_Assignment_:
Reproduce word for word the lines of the listing from the first one through the one with "Бутылка Косметического Геля", omitting every picture.

_Records for this exercise_:
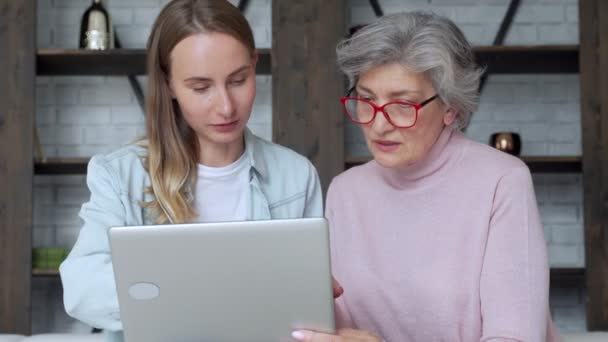 Heureuse génération de femmes de deux ans. Une mère plus âgée et une fille adulte s'amusent à utiliser un ordinateur portable à la maison pour s'asseoir sur le canapé. — Video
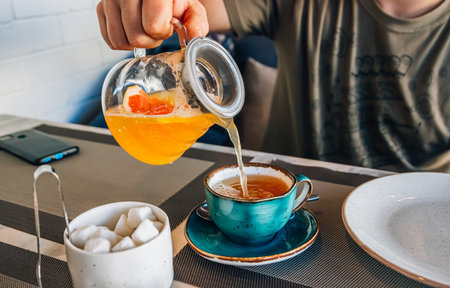 Close up of mans hand pouring fruit tea from glass kettle to cup. Cafe concept.の写真素材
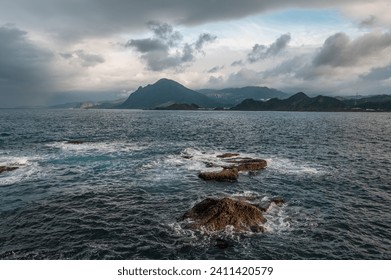 Rage waves of the ocean splashed on the rocks, Keelung mountain  in the background, in Keelung city, Taiwan.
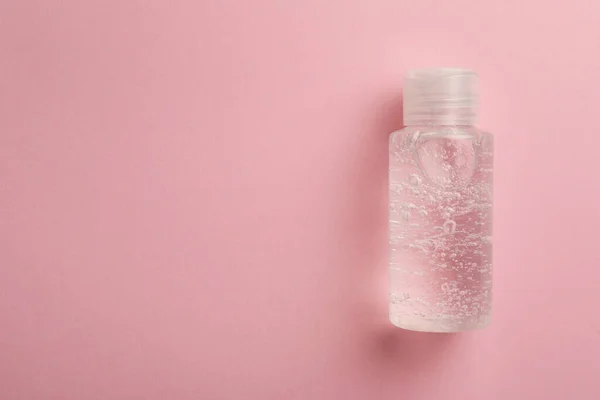 Бутылка Косметического Геля Розовом Фоне Вид Сверху Пространство Текста — стоковое фото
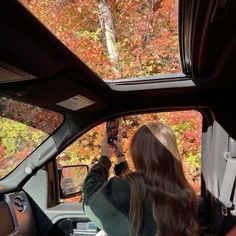 a woman is taking a photo in the car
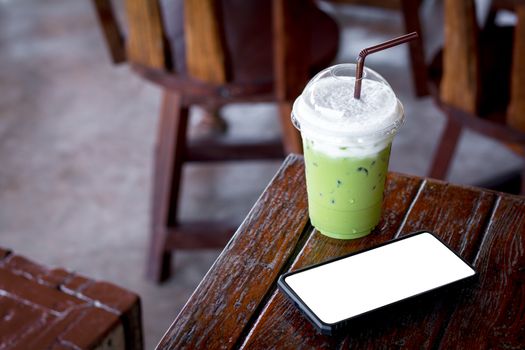 Iced green tea or matcha latte with milk foam in a plastic cup with brown straw and black mobile or smartphone and white scene on a wooden table in the coffee shop. Healthy drink and beverage concept.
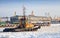 Small tug boat goes on icy channel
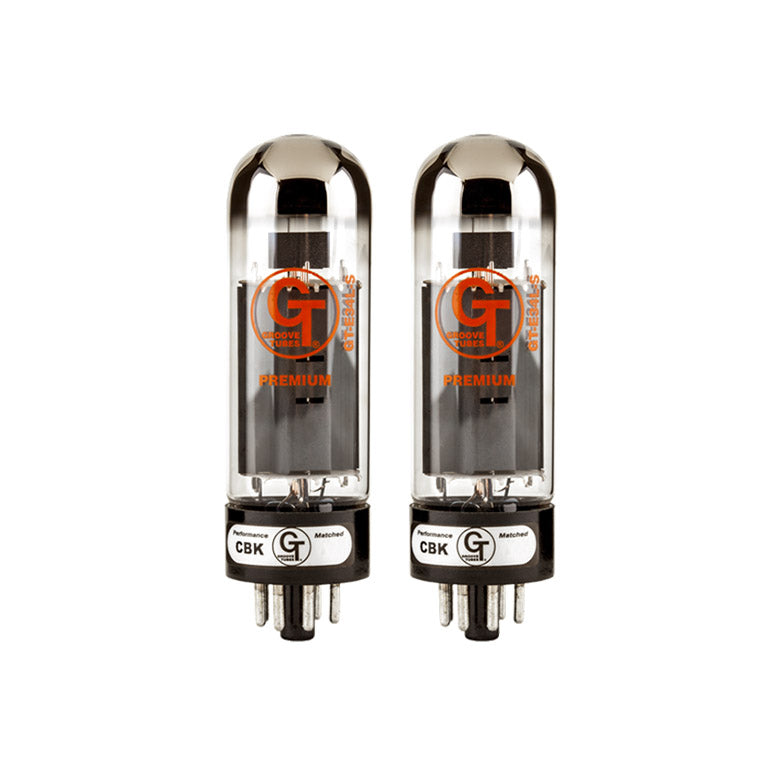 Two clear glass vacuum tubes with black bases and orange GT Groove Tubes branding standing side by side.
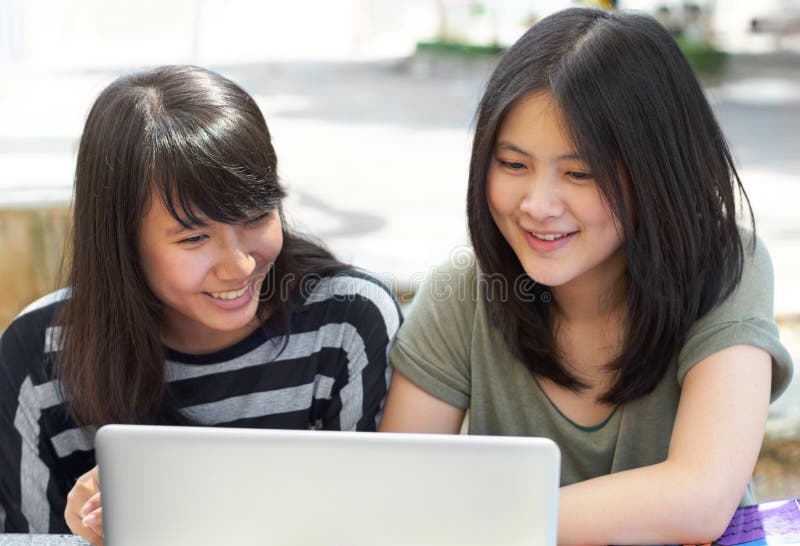 We Love University. Two Young Students Sitting Outside Together. Stock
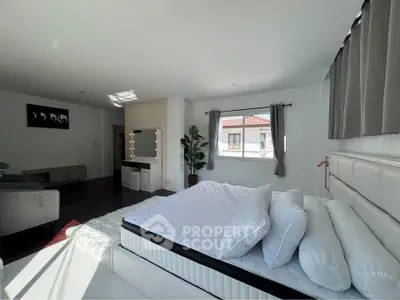 Spacious modern bedroom with elegant decor and ample natural light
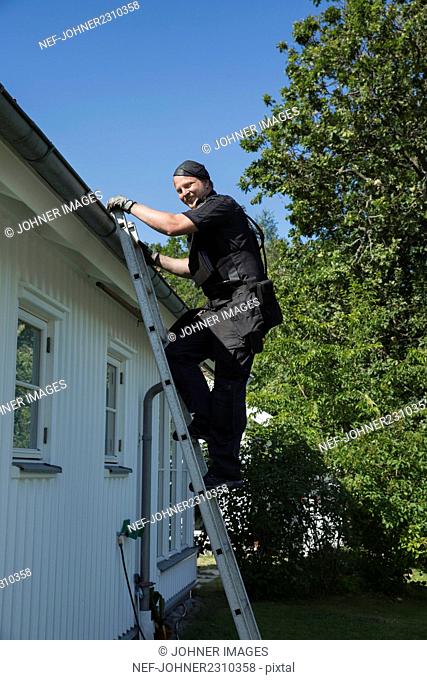 Chimney sweep climbing on roof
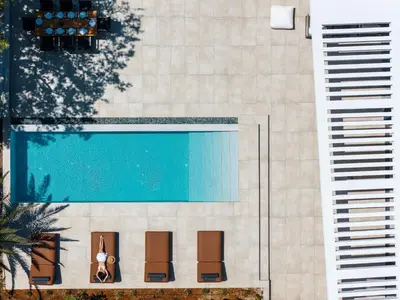 an overhead view of a swimming pool next to two buildings at Nuera Villas in Chania Town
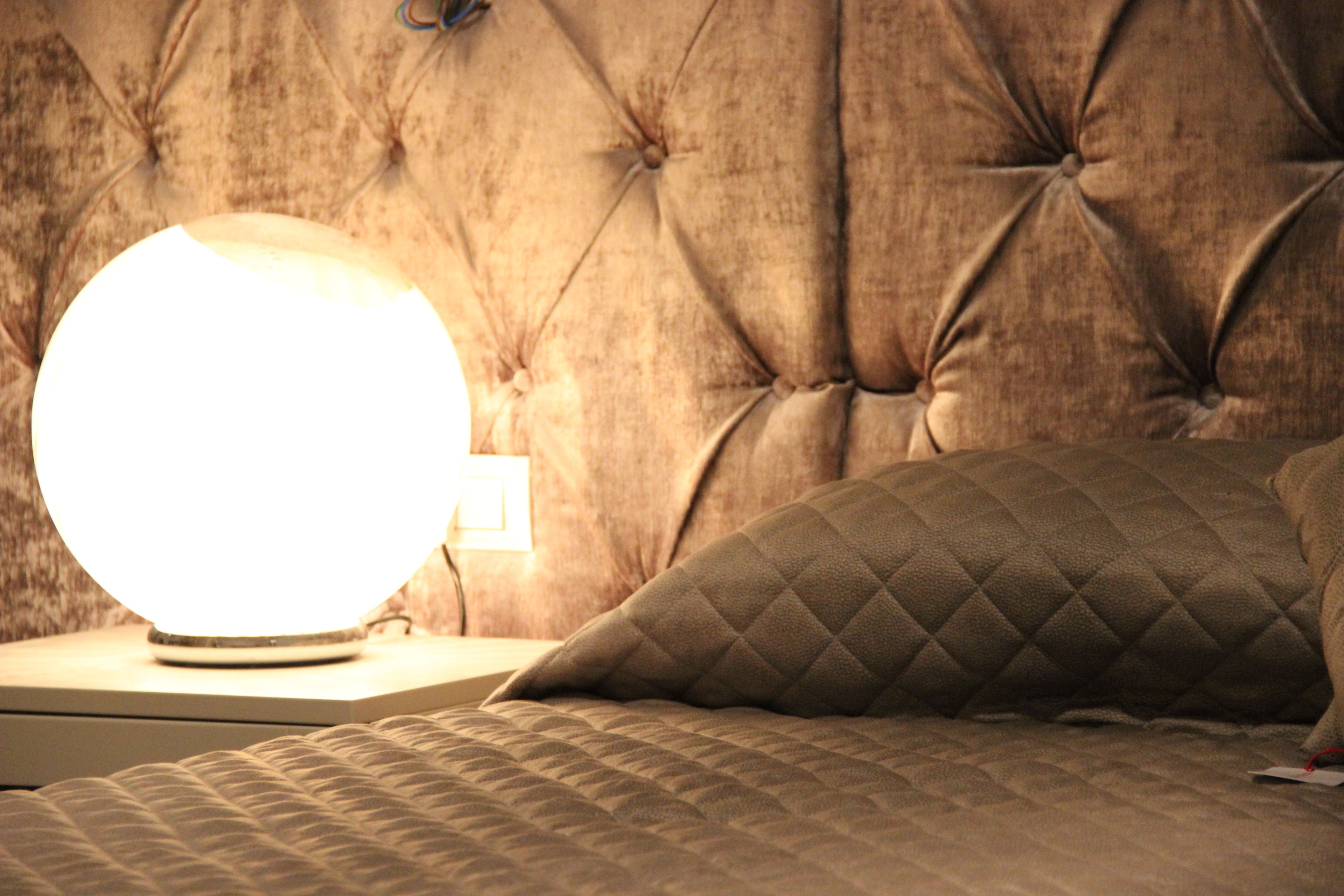 A tufted headboard, a round bedside lamp, and a quilted pillow on a bed.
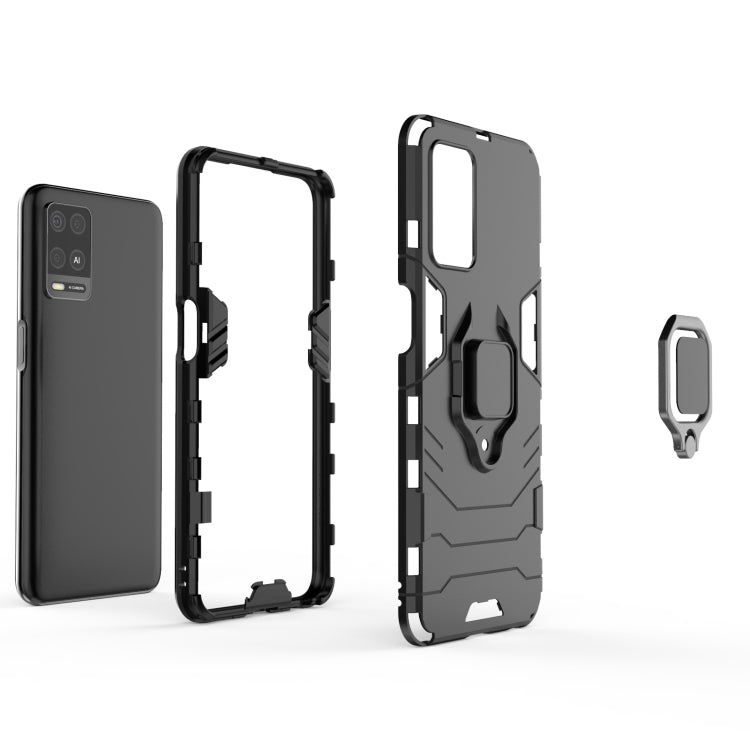 Shockproof phone case with magnetic ring holder, black rugged shell and accessory piece.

_Exercise response_:
 Heureuse génération de femmes de deux ans. Une mère plus âgée et une fille adulte s'amusent à utiliser un ordinateur portable à la maison pour s'asseoir sur le canapé. — Video
 Close up of mans hand pouring fruit tea from glass kettle to cup. Cafe concept.の写真素材
 Rage waves of the ocean splashed on the rocks, Keelung mountain  in the background, in Keelung city, Taiwan.
 Бутылка Косметического Геля Розовом Фоне Вид Сверху Пространство Текста — стоковое фото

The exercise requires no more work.